[Entries shown — start]

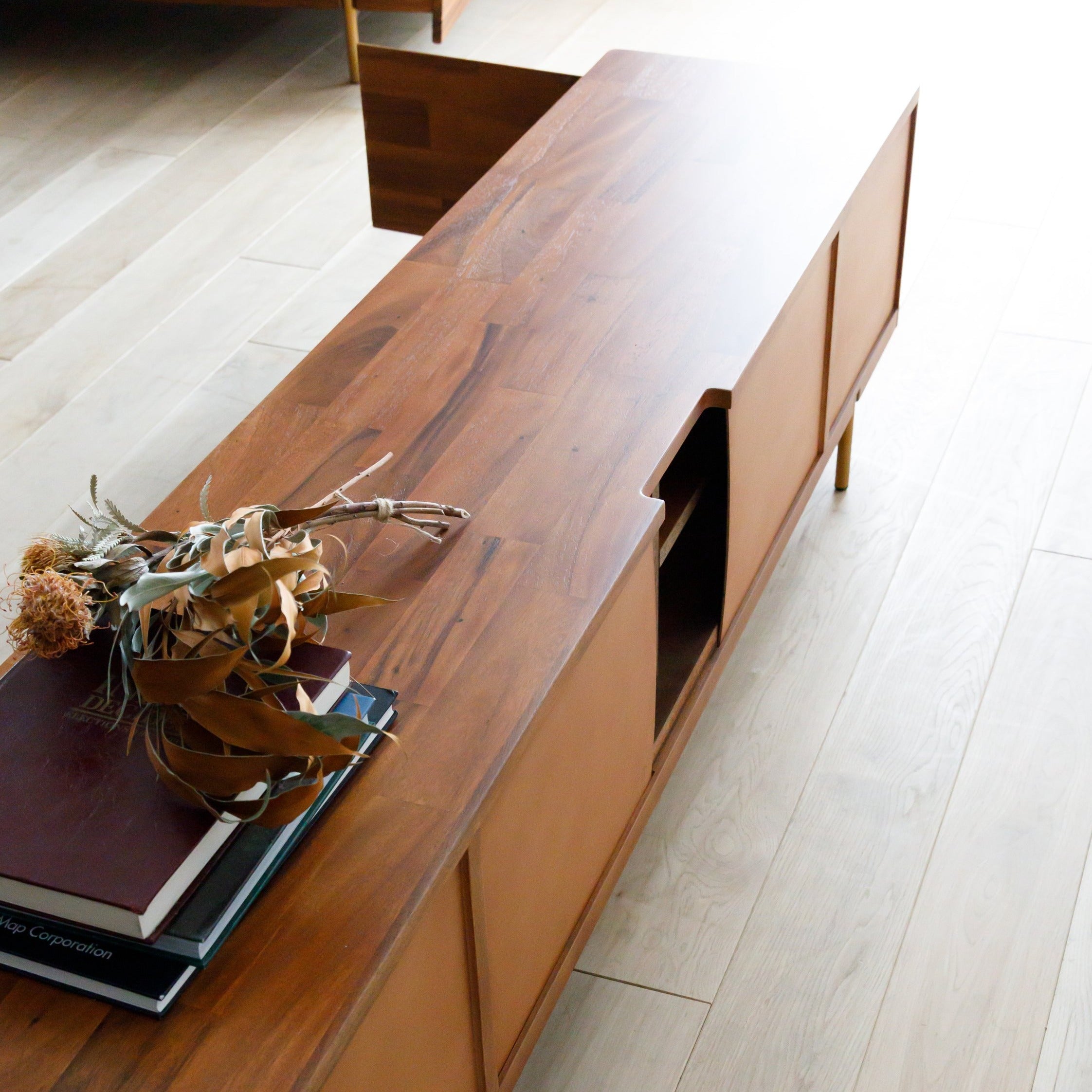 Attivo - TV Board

[Entries shown — finish]
[Entries shown — start]

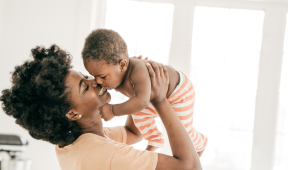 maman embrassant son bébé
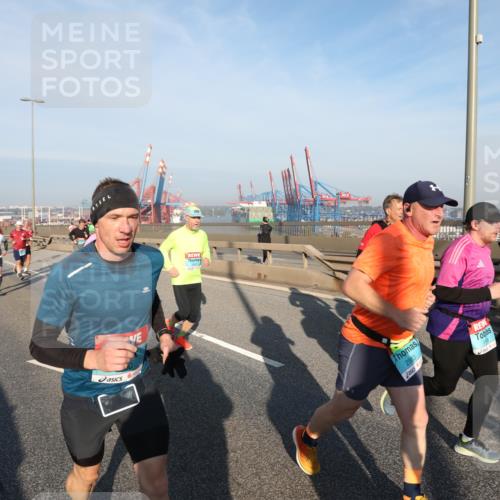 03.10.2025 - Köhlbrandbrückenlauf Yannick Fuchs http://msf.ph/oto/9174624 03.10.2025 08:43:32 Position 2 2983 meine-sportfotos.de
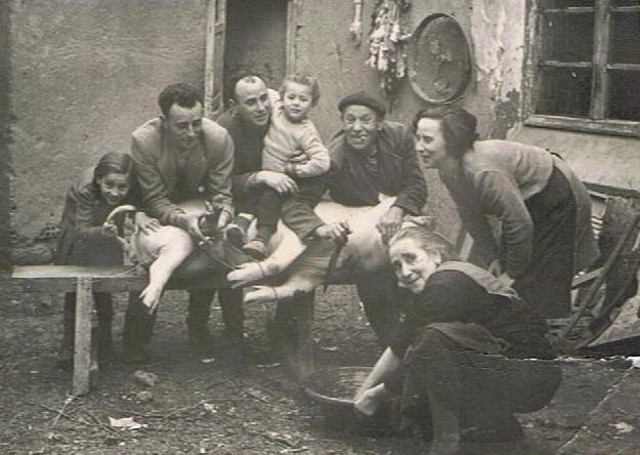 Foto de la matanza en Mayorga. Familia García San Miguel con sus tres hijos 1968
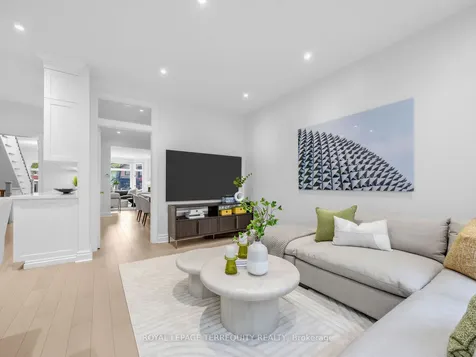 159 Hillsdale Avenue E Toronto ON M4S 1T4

[Entries shown — finish]

In the listing above, find the line containing "maman embrassant son bébé" and the line containing "159 Hillsdale Avenue E Toronto ON M4S 1T4", then output those two lines and everything between them exactly as written, without the images.

 maman embrassant son bébé
 03.10.2025 - Köhlbrandbrückenlauf Yannick Fuchs http://msf.ph/oto/9174624 03.10.2025 08:43:32 Position 2 2983 meine-sportfotos.de
 Foto de la matanza en Mayorga. Familia García San Miguel con sus tres hijos 1968
 159 Hillsdale Avenue E Toronto ON M4S 1T4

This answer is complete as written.